Parmi les 67 sujets recensés, 48 sont nés depuis l’instauration du dépistage systématique. Par conséquent, la prévalence des formes familiales de dysgénésie thyroïdienne a été calculée à 2%. Ce chiffre significativement supérieur à celui attendu, si aucun facteur familial n’intervenait, atteste du caractère familial des hypothyroïdies congénitales dues à une dysgénésie de la glande.

Des facteurs de transcription ont été identifiés, qui s’expriment préférentiellement dans les cellules thyroïdiennes à un stade précoce du développement et qui régulent l’expression des gènes spécifiques de la thyroïde telles la thyroglobuline et la thyropéroxydase.
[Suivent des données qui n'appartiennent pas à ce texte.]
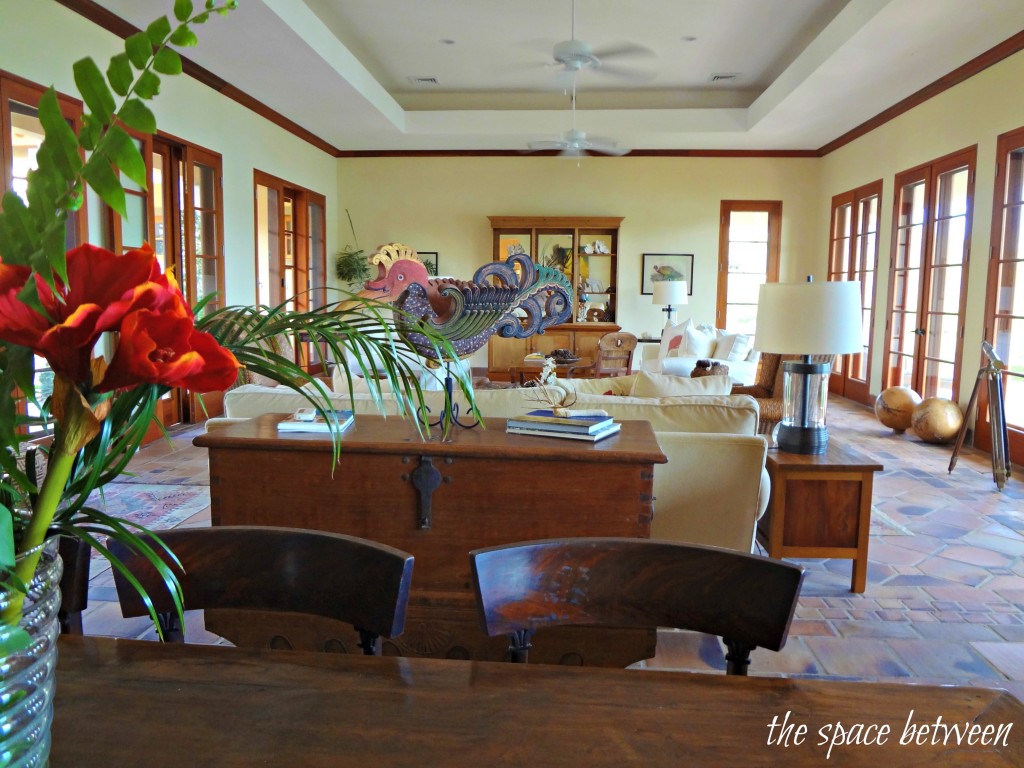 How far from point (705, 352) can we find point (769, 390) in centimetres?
219

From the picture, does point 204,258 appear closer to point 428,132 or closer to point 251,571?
point 428,132

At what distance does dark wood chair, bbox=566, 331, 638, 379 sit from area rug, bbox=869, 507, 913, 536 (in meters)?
3.67

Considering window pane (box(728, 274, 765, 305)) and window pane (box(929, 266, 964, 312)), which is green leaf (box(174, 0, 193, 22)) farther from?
window pane (box(728, 274, 765, 305))

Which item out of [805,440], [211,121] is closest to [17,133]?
[211,121]

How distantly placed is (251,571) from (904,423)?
21.5 ft

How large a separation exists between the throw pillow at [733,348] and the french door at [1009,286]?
1.97 meters

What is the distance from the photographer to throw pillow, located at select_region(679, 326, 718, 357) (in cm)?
740

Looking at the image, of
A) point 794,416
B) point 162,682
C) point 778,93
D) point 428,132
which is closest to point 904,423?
point 778,93

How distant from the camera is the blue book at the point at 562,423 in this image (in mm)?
Result: 2438

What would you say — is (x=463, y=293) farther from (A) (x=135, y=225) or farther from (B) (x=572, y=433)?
(A) (x=135, y=225)

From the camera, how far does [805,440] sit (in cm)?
330

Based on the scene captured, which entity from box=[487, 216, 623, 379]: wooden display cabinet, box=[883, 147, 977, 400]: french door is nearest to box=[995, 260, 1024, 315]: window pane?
box=[883, 147, 977, 400]: french door

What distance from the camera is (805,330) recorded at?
313 centimetres

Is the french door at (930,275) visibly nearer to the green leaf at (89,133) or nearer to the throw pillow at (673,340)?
the throw pillow at (673,340) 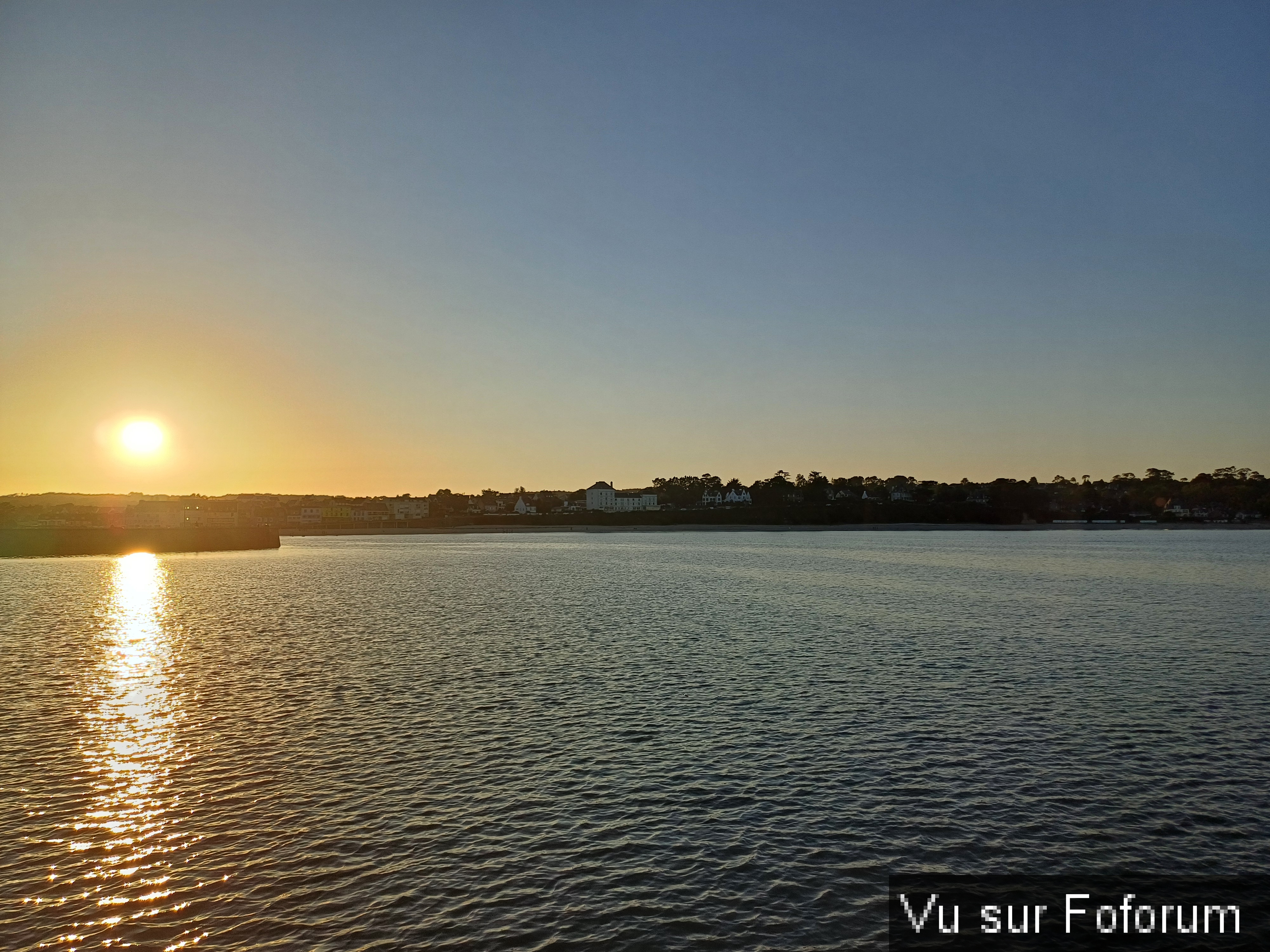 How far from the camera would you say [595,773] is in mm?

Ces gènes se présentaient donc comme de bons gènes candidats dans le cas des dygénésies thyroïdiennes. Il s’agit du gène TTF-1 (thyroid transcription factor 1), le gène PAX-8 et le gène TTF-2 (thyroid transcription factor 2).

Des expériences d’invalidation de ces gènes chez la souris, notamment pour TTF-1 ont permis de confirmer ce rôle en faisant apparaître des cas d’athyréose; mais les premières études de génétique humaine recherchant des mutations du gène de TTF-1 dans une série de 15 puis 61 patients présentant une dygénésie thyroïdienne ne retrouvent aucune mutation (Kimura 1996; Lapi 1997; Perna 1997). Il faut toute fois noter une étude récente chez un nouveau-né présentant une hypoplasie de la glande thyroïde associée à une détresse respiratoire par insuffisance de production du surfactant, chez qui, il a été découvert une large délétion dans la région du chromosome 14 q 13-21, région comprenant notamment le gène TTF-1 (Devriendt 1998). Récemment, des mutations de Pax-8 ont été retrouvées chez 5 sujets atteints d’hypothyroïdie congénitale: un cas d’ectopie, un cas d’hypoplasie de la glande thyroïde) et un cas familial d’hypoplasie de la glande thyroïde (une mère et ses deux enfants) (Macchia 1998). Enfin des mutations du gène anologue humain du gène TTF-2 ont été retrouvées chez deux enfants ayant une athyréose, une atrésie des choanes et une fente palatine (Clifton-Bligh 1998).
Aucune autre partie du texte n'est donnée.